WORK ITEM:
Images are to be excluded, and the rest of the data repeated exactly.

DATASET CONTENT:
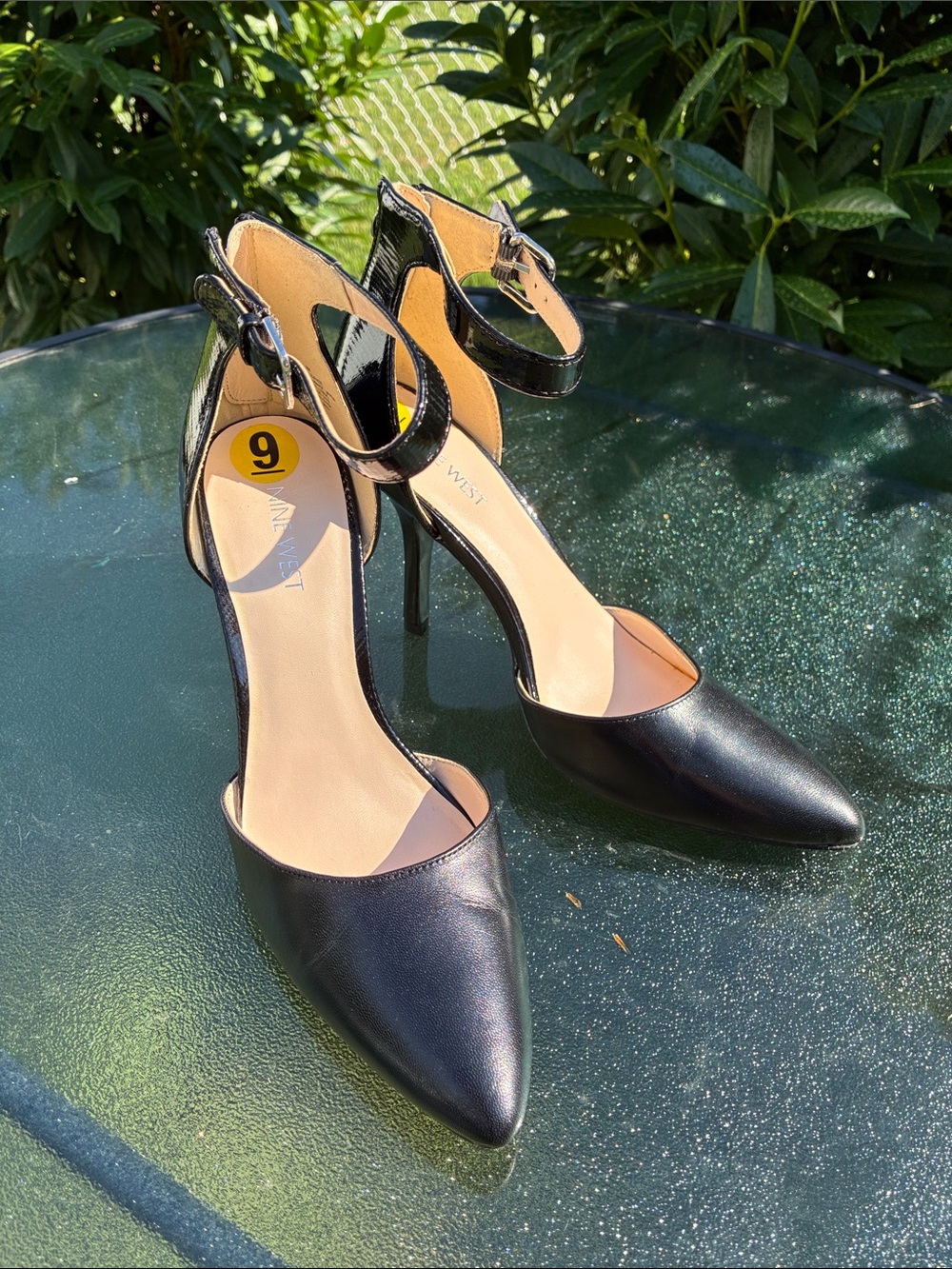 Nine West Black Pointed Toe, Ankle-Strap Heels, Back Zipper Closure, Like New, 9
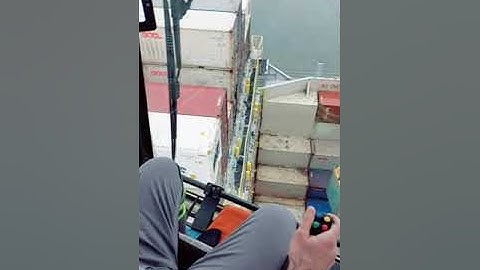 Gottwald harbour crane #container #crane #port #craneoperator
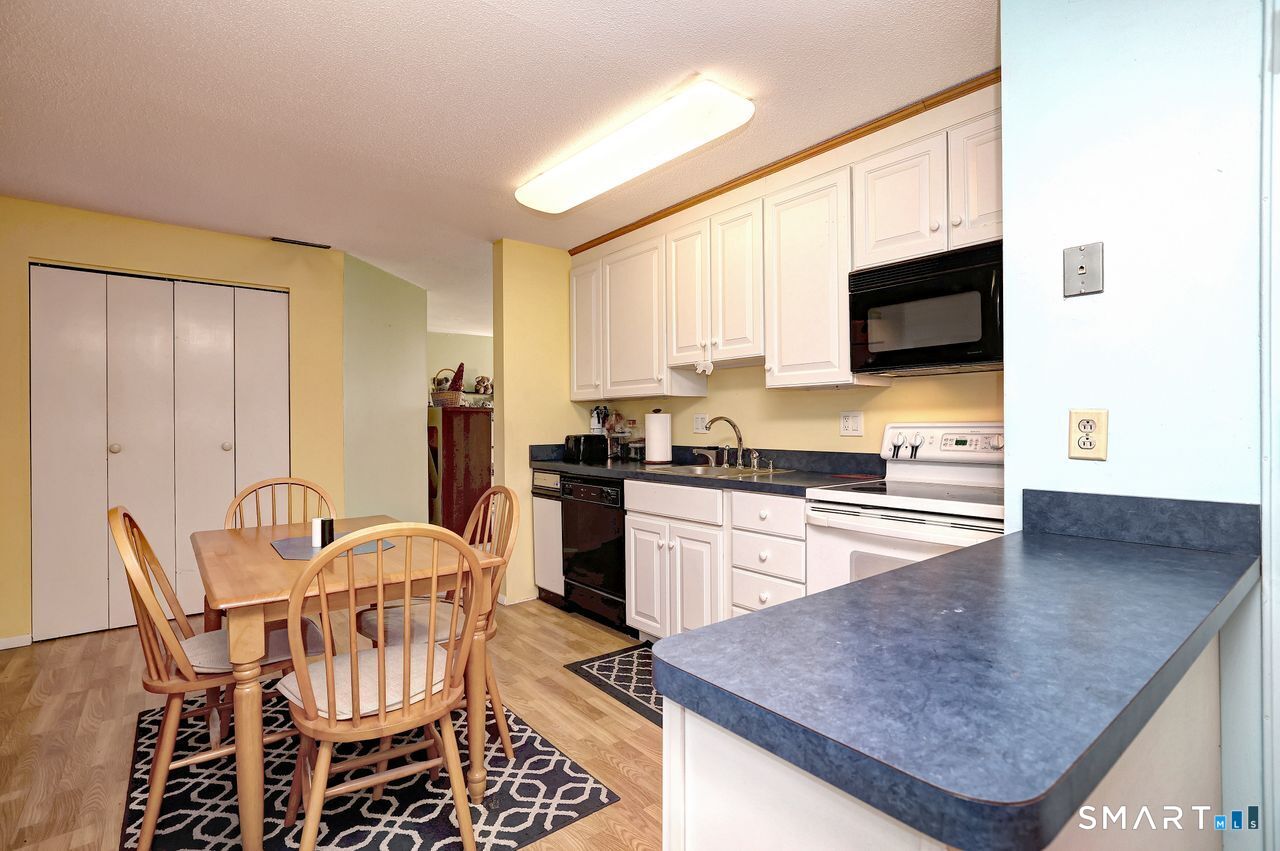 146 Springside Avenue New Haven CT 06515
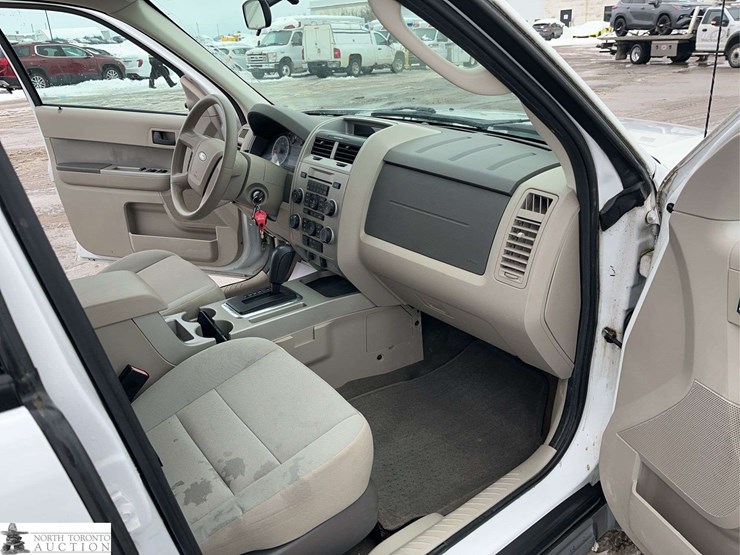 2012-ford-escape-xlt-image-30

COMPLETED TASK:
 Nine West Black Pointed Toe, Ankle-Strap Heels, Back Zipper Closure, Like New, 9
 Gottwald harbour crane #container #crane #port #craneoperator
 146 Springside Avenue New Haven CT 06515
 2012-ford-escape-xlt-image-30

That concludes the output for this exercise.